“Valued” is a really important word to me. In the early days of conceptualizing my book, Valued: The Six Coaching Habits That Turn Subject Matter Experts Into Enthusiastic Talent Developers, various forms of “value” kept coming up for me.
Being valued, feeling valued, being valuable and providing value were deeply embedded in the stories that I was telling in the book and the ones I was creating in the moment in my full-time role and in coaching sessions.
The Threats That Undermine Appreciation
Being and feeling valued is challenged when the environment becomes threatening. A personal dynamic change, a new threat is introduced into the equation, or your perspective of the current situation changes. In her book, Conversational Intelligence, Judith Glaser identifies three “threat questions”:
- Do I need to protect myself?
- Am I being included or excluded?
- Am I being appreciated and valued?
She writes, “…the amygdala releases chemicals designed to protect us from harm, and which activate the ‘flight or fight’ reflex. But those same chemicals prevent the thinking parts of our brain from playing a more active role, with the result that if you feel threatened, you are not going to have a productive meeting.”

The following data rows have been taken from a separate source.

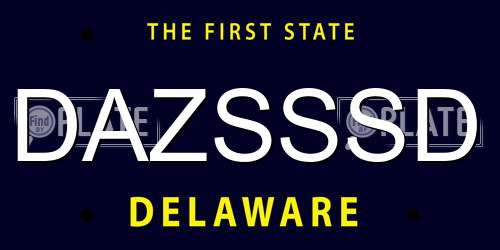 DAZSSSD Delaware License Plate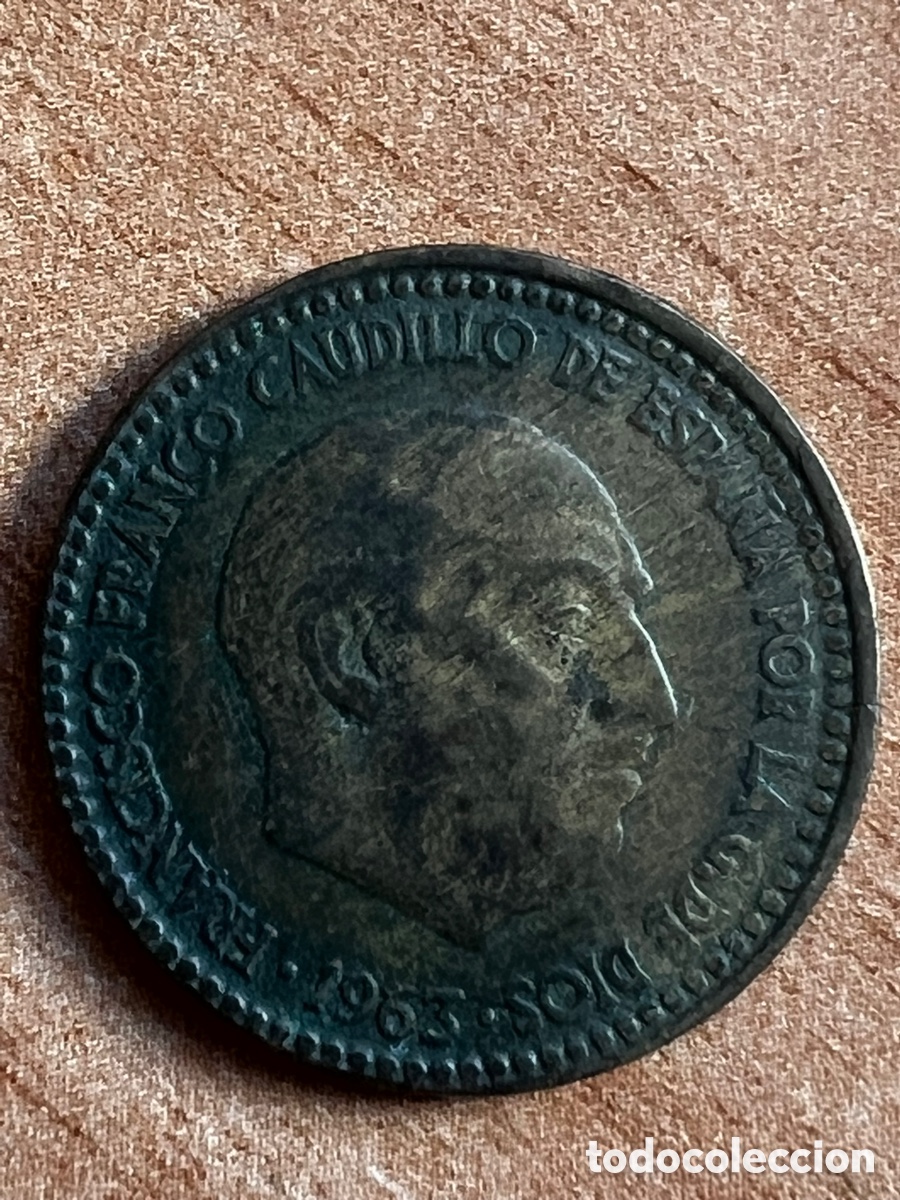 Monedas Franco: 1 Peseta acu&ntilde;ada en 1963 - Foto 1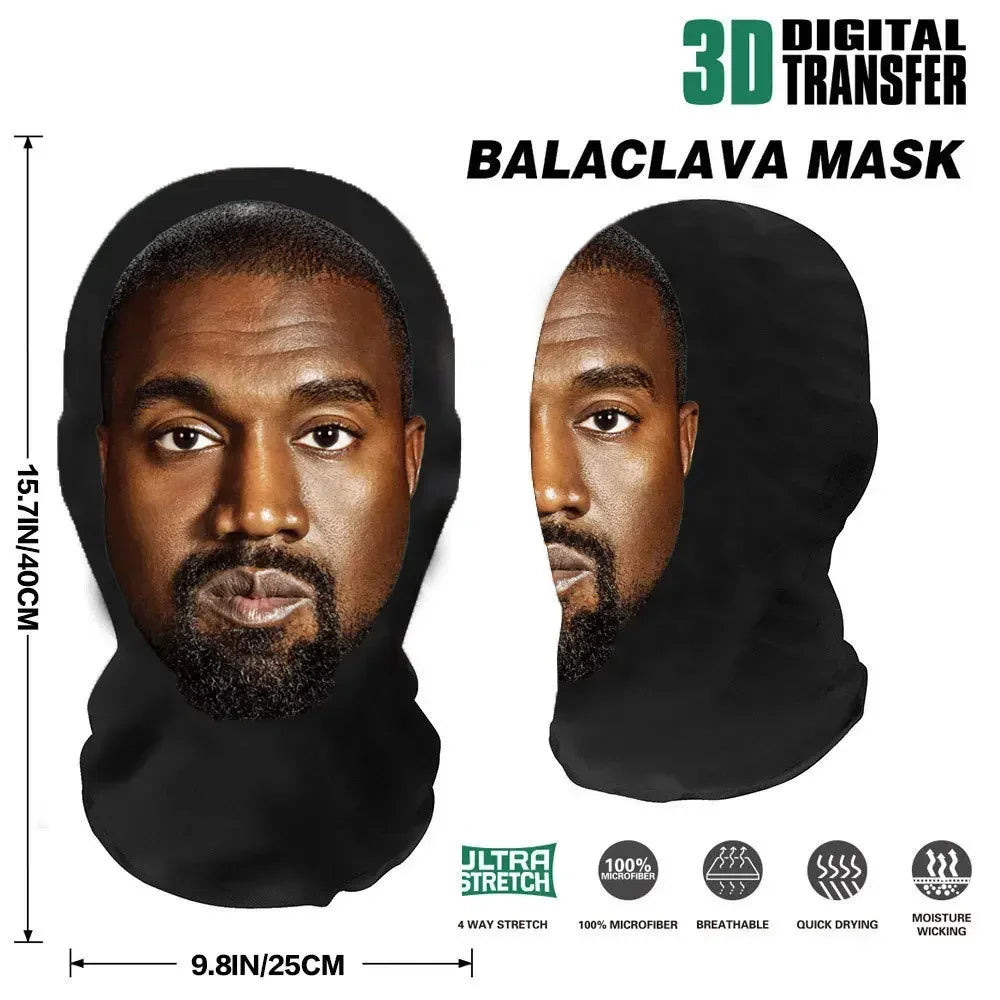 3D Printed Kanye Style Full Face Mask | Halloween Cosplay Stretch Mesh Balaclava for Men & Women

As Glaser shares, feeling threatened inhibits our ability to reason or think logically. We cannot formulate creative ideas, and we are less likely to make rational choices.
I have given a lot of thought to people being appreciated and valued. In Valued, I discuss how people are more invested in or dedicated to work tasks when they believe their leader appreciates and values them. It is also true that if someone believes they are valued and appreciated, it is good for their emotional health. When our return on investment is often the driving factor in our decision-making, this is an important assertion. Job effectiveness creates a powerful case for establishing and intentionally maintaining inclusive environments and trusting relationships.
Practical Ways to Show People They’re Valued
I have found a few things helpful when I am making a shared environment more inclusive or building trust well. I found a few things to be true:
Listening more than talking.
This one has been historically difficult for me. It is also potentially the easiest way to demonstrate that you appreciate and value someone else. We have so few outlets for speaking our thoughts out loud and someone really, truly listening. If you allow that to happen, it is such a gift to the person sharing.
Sharing positive thoughts.
Don’t let the compliment or affirmation stay silent! It is rare that a positive thought isn’t received well. I do this best when I account for the other person’s preferences. How public or private do they prefer to be? How detailed would they normally like me to be with praise? How frequently should it be to remain authentic?
Recognizing different versions of great.
There is rarely just one way to achieve something great. We all bring different strengths and preferences to a project, a team, or a role overall. There are many different paths to success and differences in steps can still lead to great outcomes. Leaders lead best when they remember this and help others perform at their highest level as opposed to leading them solely to their version of success.
Conversational Intelligence reminds us that we play an active role in the success of others, whether or not we are aware of it. I am thankful for that reminder.